Based on the experience gained with PEKK, the embedding of high-speed ThermoMelt technology in the hybrid AM production of PA-based components requires consideration of the entire process chain in order to meet the requirements of future customers, some of whom are associated partners from the automotive segment (i.e. manufacturers of medium-sized series for drives/components in special vehicles, emergency vehicles and vehicles for the disabled):
(1) Development of specially tailored and cost-effective powders starting from pre-compounded homogeneous composites and cryogenic mills.
(2) Process simulation for the estimation of occurring temperature (gradient) as a basis for function-centered design and processing with low residual stresses and distortion, especially for bionic topology-optimized lightweight structures, and
(3) Post-processing of fiber-filled ThermoMelt composites with wear protection coatings of lowest friction, i.e. especially thick films from low-cost large-area processes (atmospheric pressure plasma coating with the patented Inocon plasma jet) with integration of solid lubricants (PTFE, MoS2) in compounds with PA 6 with self-adaptation in the run-in, high emergency running properties without lubrication and self-healing after overload.

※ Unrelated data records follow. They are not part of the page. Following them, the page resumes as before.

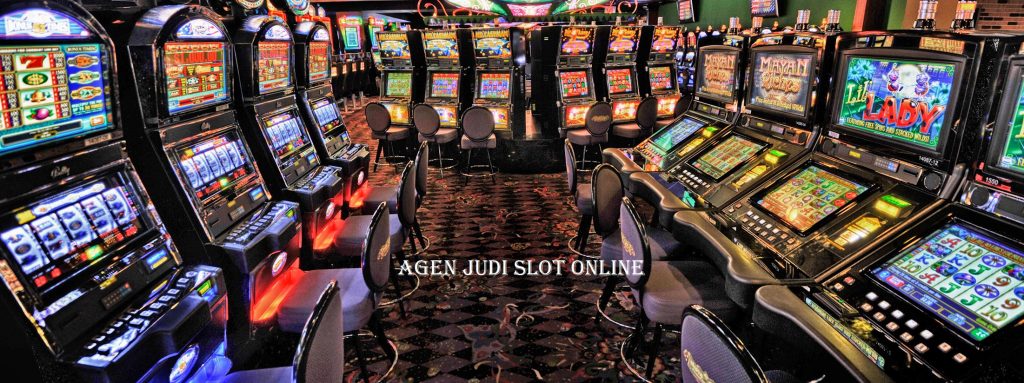 Agen Judi Slot Online Terbaru
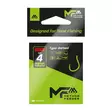 Mikado MF14 Hook Barbed - Öglekrokar & spadkrokar - 5900637119760 - 2
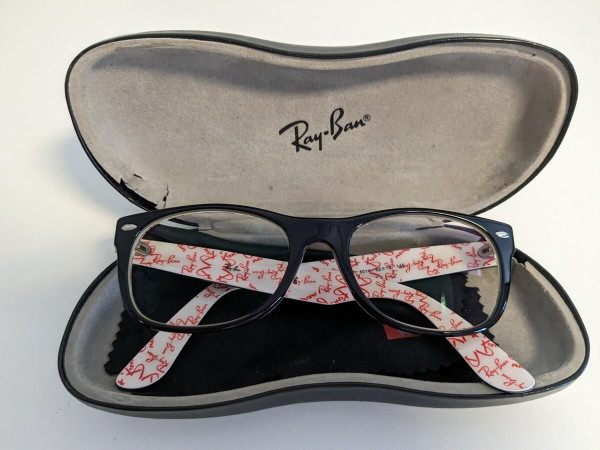 Ray-Ban - RB5184 5015 52¤18 145
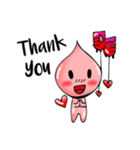 Bloody'Do (Blood Donation)（個別スタンプ：21）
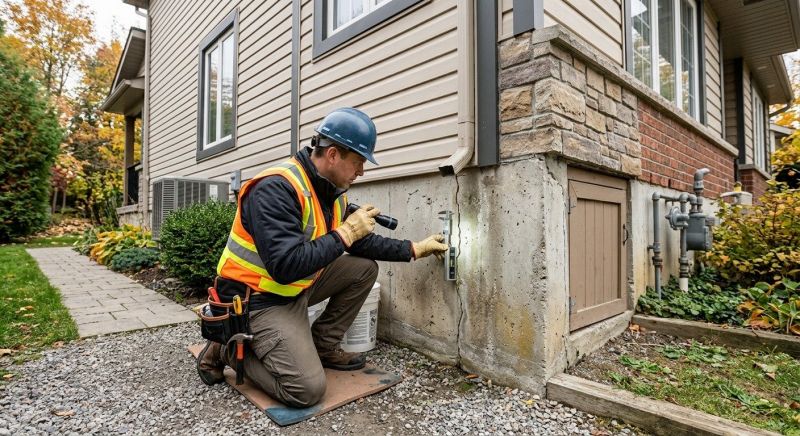 Foundation Assessment in Gloucester, VA
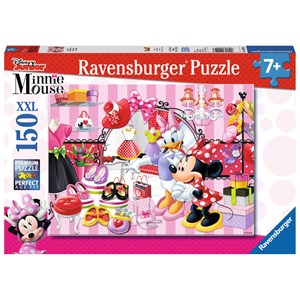 Ravensburger (10029) - "Minnie's Shopping Tour" - 150 piezas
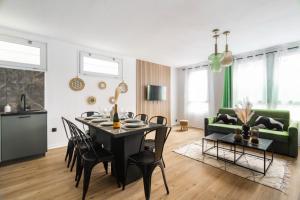 Luxueux et charmant appartement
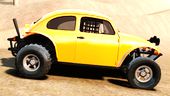 Volkswagen Fusca Buggy 1963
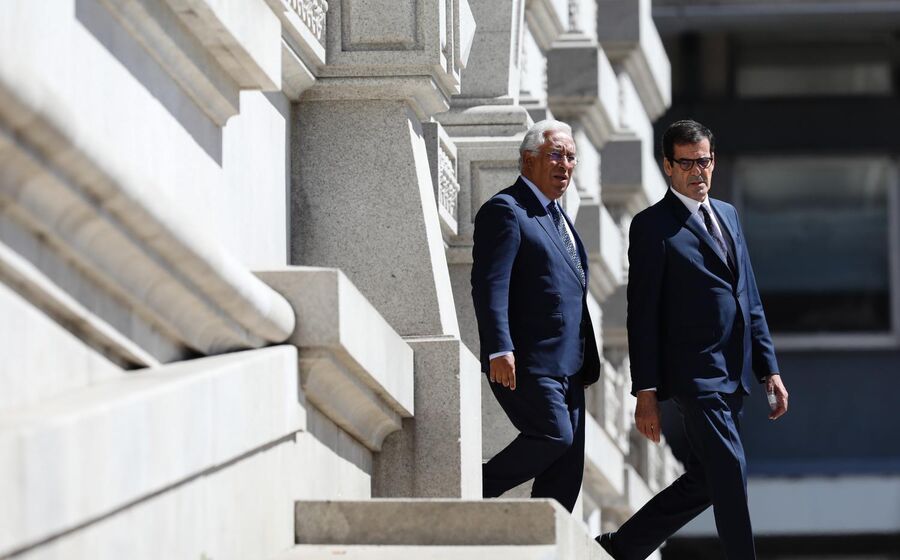 Rui Moreira, António Costa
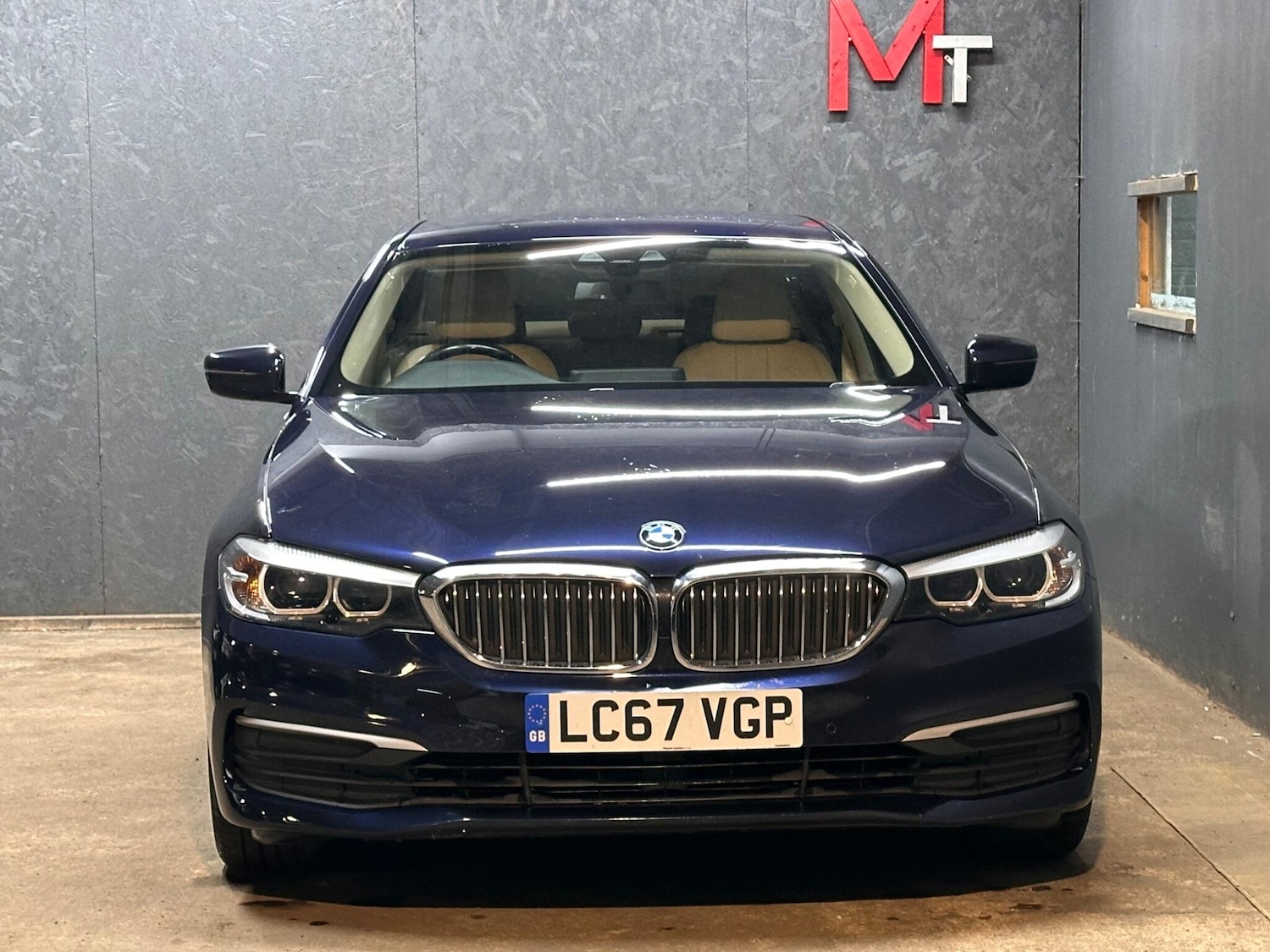 Used BMW 5 Series 2018 for sale - 76658545: Photo 8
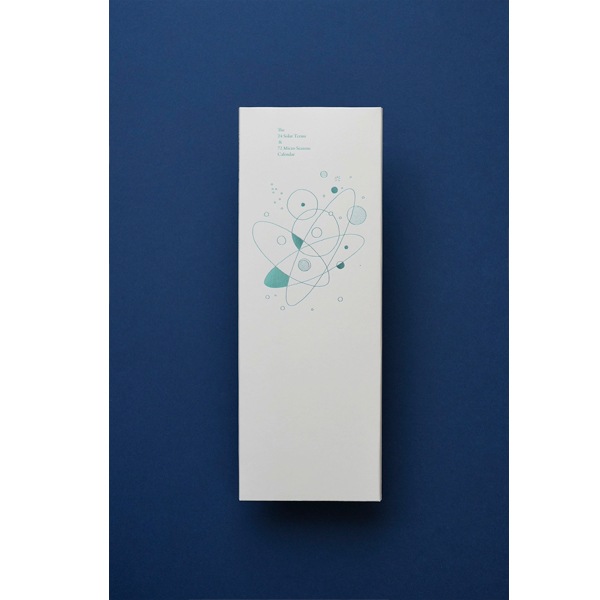 素描家しゅんしゅん 『二十四節気暦 2026』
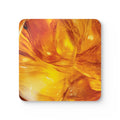 COSMIC COASTER Set - Amber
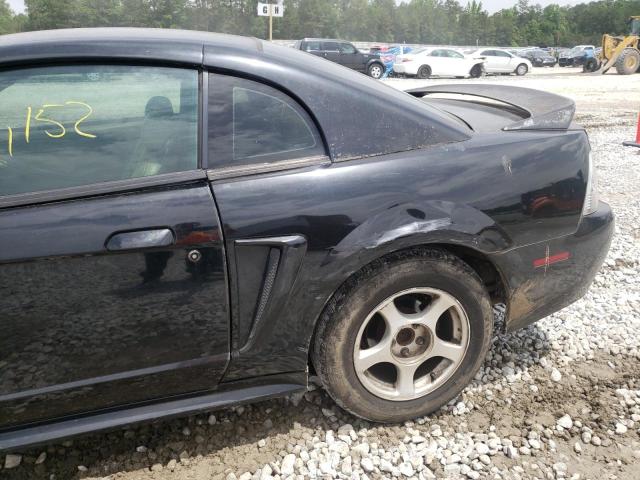 Photo 9 from auction – 2000 FORD MUSTANG with VIN 1FAFP4044YF124738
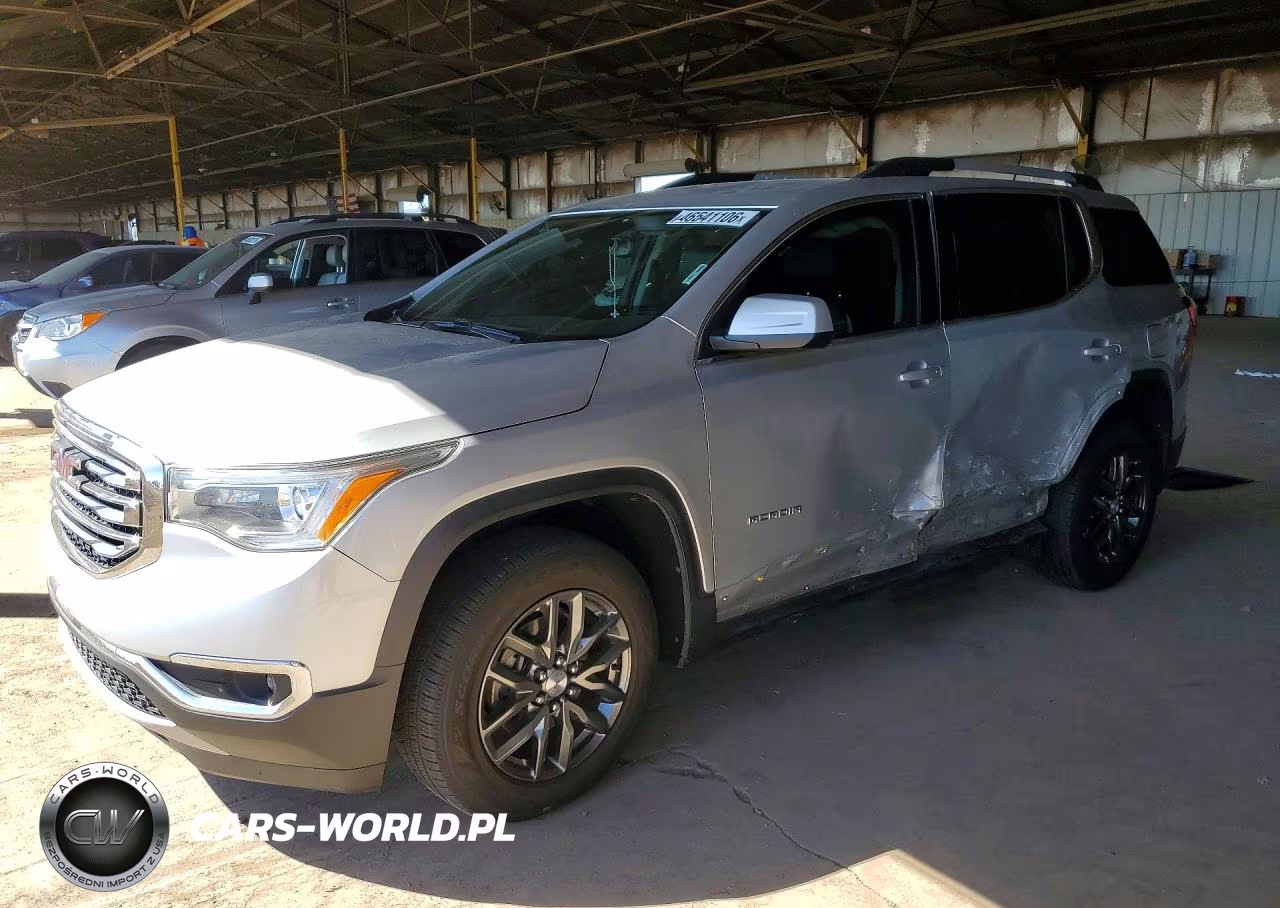 2019 GMC Acadia Slt-1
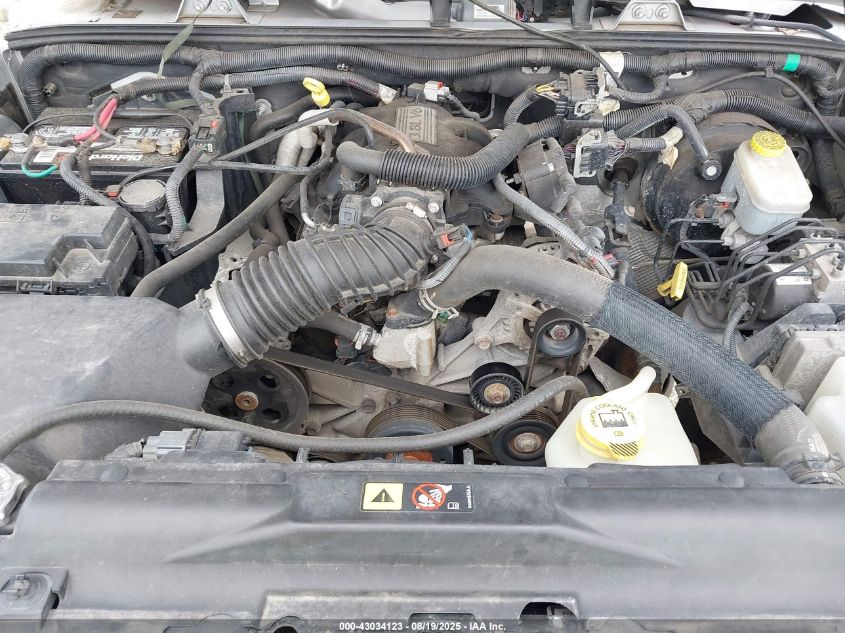 2007 Jeep Wrangler X VIN: 1J4FA24137L229359 Lot: 43034123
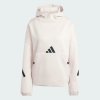 Adidas W Z.n.e. OH HD JF4782 dámska mikina - M Adidas W Z.n.e. OH HD JF4782 dámska mikina - M
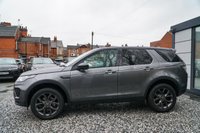 USED 2018 68 LAND ROVER DISCOVERY SPORT 2.0 TD4 Landmark SUV 5dr Diesel Auto 4WD Euro 6 (s/s) (180 ps)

Final goals of the project consortium consisting of ThermoMelt equipment manufacturer and patent owner LSS, process developer and user RPD, and key competence partners in the field of 3D printing simulation (SinusPro), powder production (TCKT) and plasma jet development (Inocon Technologie GmbH) are, together with PCCL and JR as a material testing, injection molding and coating development, in addition to building up crucial equipment and process know-how for ThermoMelt, also its cost-efficient integration into future hybrid AM manufacturing chains on the basis of highly functional demonstrator components and developed design guidelines (TRL 4).